Case est un peu réticent. Tentateur, le brun suave lui lance des regards qui en disent long et lui propose de partir de la soirée pour aller s’envoyer en l’air. Il demande à John si ça ne le dérange pas qu’ils s’en aillent si tôt. L’ami ne fait pas d’histoire mais finira par le regretter, ses deux autres invités finissant eux aussi par le laisser pour aller faire leur affaire. Chez Case, la fête continue. Grant et lui prennent des champignons. On découvre le séminariste offert sur le lit, presque en transe, prenant un air vulgaire, très aguicheur. Grant, qui vient de délicatement se déshabiller, l’observe avec un air grave et excité. Au lit, c’est l’explosion. En plein ébat, Case est à nouveau sujet à de nombreux flashs et autres hallucinations.

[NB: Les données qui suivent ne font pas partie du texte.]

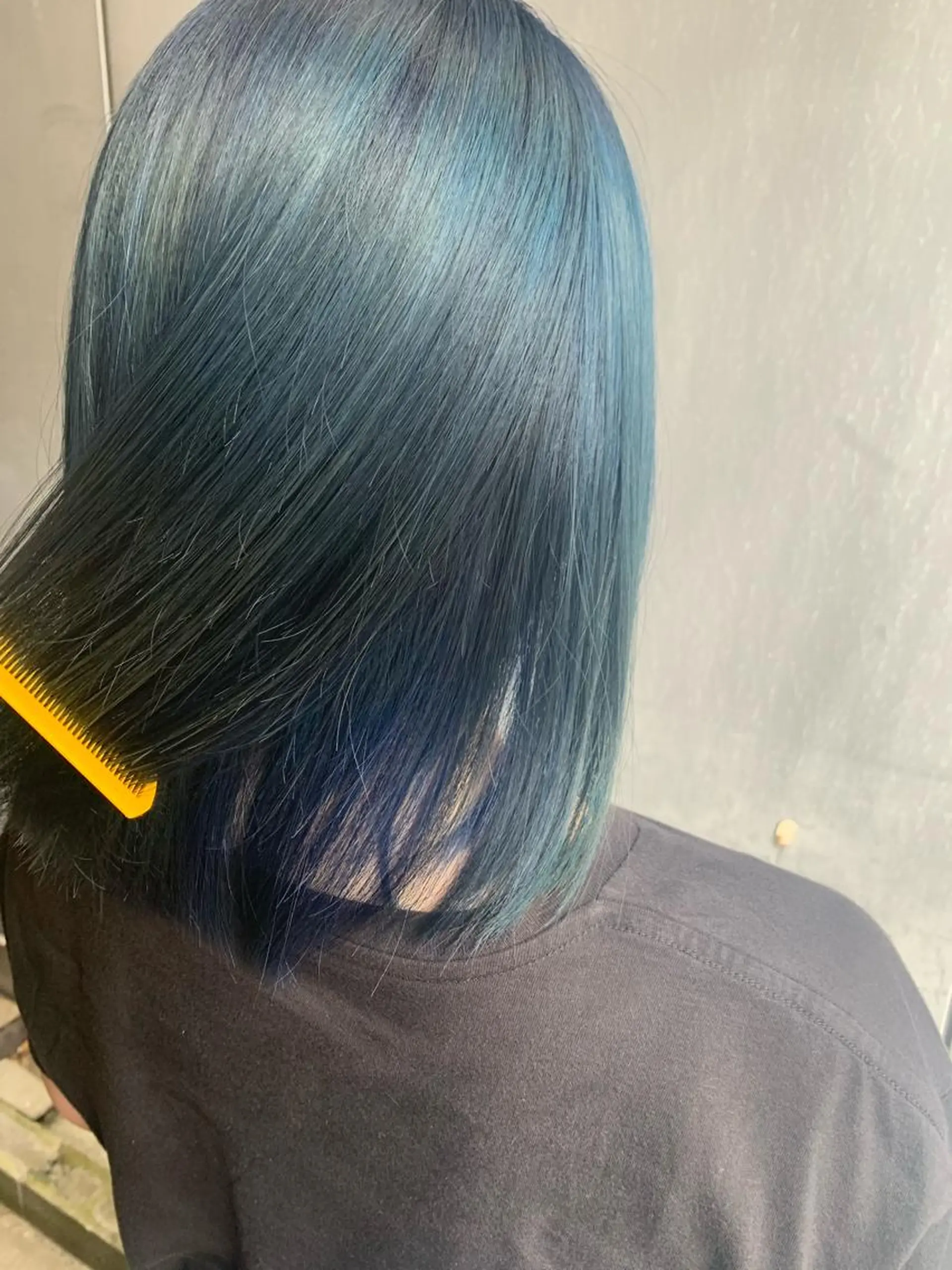 カラー ブルーカラー 佐藤 宰のヘアスタイル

Il a ainsi l’impression qu’ils ne sont pas deux mais trois dans le lit, son double s’étant invité. Le double finit par s’éloigner, apeuré par ce à quoi il est train d’assister. Il continue de regarder alors que Case, en plein acte, rigole de façon sadique, grotesque. Le tour de force de la scène est de parvenir à insérer ces moments schizos, propices à la débandade, et de pourtant toujours faire remonter la tension charnelle. Piano, sons perturbants, râles de plaisir : la machine s’emballe, les corps brûlent, l’image se floute quand, emporté par le désir, Grant se fait plus virulent. C’est peu dire que Philip Darden est explosif. La scène est une réussite totale, cinématographique en diable, d’une efficacité et d’une inventivité rare. Après l’orgasme, Grant dit à Case qu’il aimerait bien remettre le couvert et qu’ils reprennent ensemble des champignons. Case, lui, semble ailleurs, mélancolique. Il lui répond qu’il va probablement partir quelques temps pour essayer de se retrouver.

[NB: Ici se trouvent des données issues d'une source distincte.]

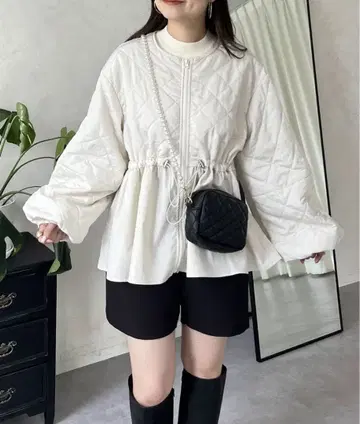 [ 미사용 새상품 ] 프로즈베일*볼륨 슬리브 퀼팅 페플럼 블루종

Case s’en va voir la mer. Le décor et la façon de filmer évoquent Boys in the sand de Wakefield Poole. Après avoir fait trempette, notre homme perdu s’offre une petite balade. Il tombe sur un brun mature, en train de bronzer les fesses à l’air. Il passe son chemin. Chez lui, en plein rasage, Case voit réapparaître son double, son ange maléfique. Ce dernier le met en garde : il connaît le secret de son âme et peut le détruire. Case lui demande où il peut trouver de nouveaux champignons. L’ange lui révèle qu’il y en a dans la forêt. Il part en cueillir. Désormais armé de son stimulant, il retrouve l’homme de la plage et ils vont ensemble chez lui. Et une fois son champignon ingurgité, Case se laisser aller. La mise en scène est saisissante, rendant à la fois déroutants et criants de vérités les actes sexuels, avec un travail sur le son qui nous secoue constamment.

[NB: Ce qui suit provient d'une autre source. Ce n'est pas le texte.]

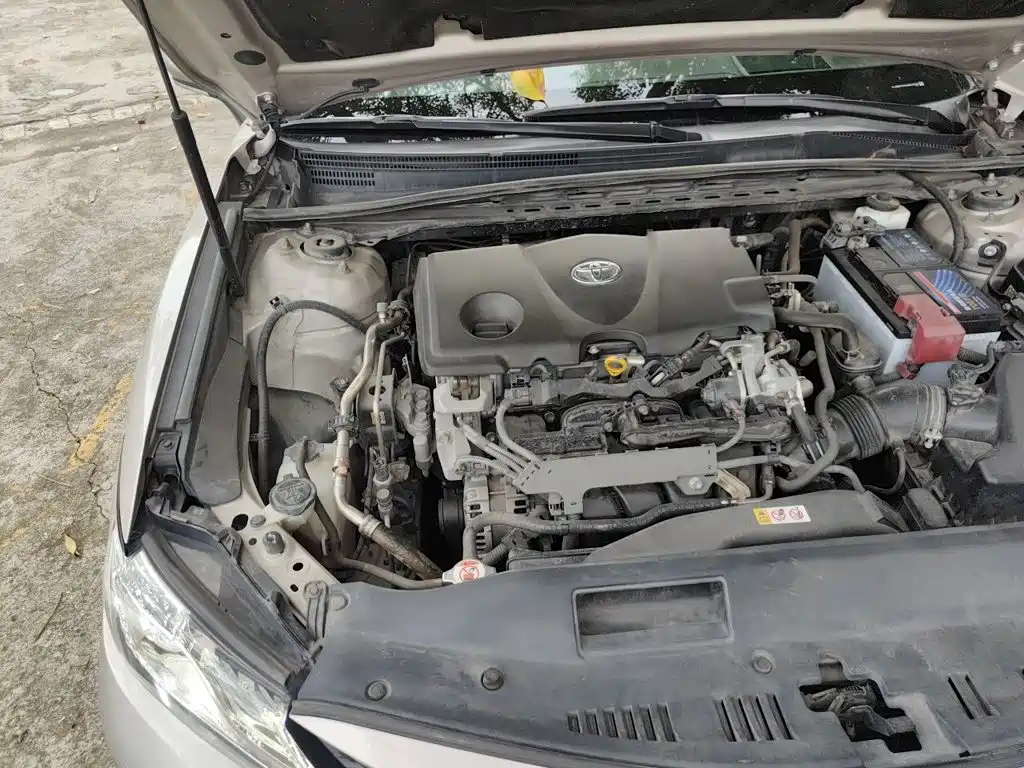 Toyota Camry — миниатюра 20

Quelques heures plus tard, Case et l’actif sont au lit, endormis. Case se réveille, réalise qu’il est seul. Air blafard, panique : il va consulter un ouvrage qui lui révèle le piège de son démon dans lequel il est tombé. Il a cueilli trop de champignons, au point de ne pas s’apercevoir que dans le lot il y avait une amanite vireuse (dont le petit nom en anglais est « Destroying Angel ») : un champignon toxique qui peut amener jusqu’à la mort. Son reflet maléfique réapparaît avec son rire glaçant. Case tente de briser le miroir à coup de poignard. Il se tue lui-même. Son âme s’envole. On le retrouve en prêtre dans la scène d’après, observant sa propre tombe, s’allongeant au sol et ne pouvant s’empêcher de se frotter à celui-ci. Le sexe aura définitivement causé sa perte.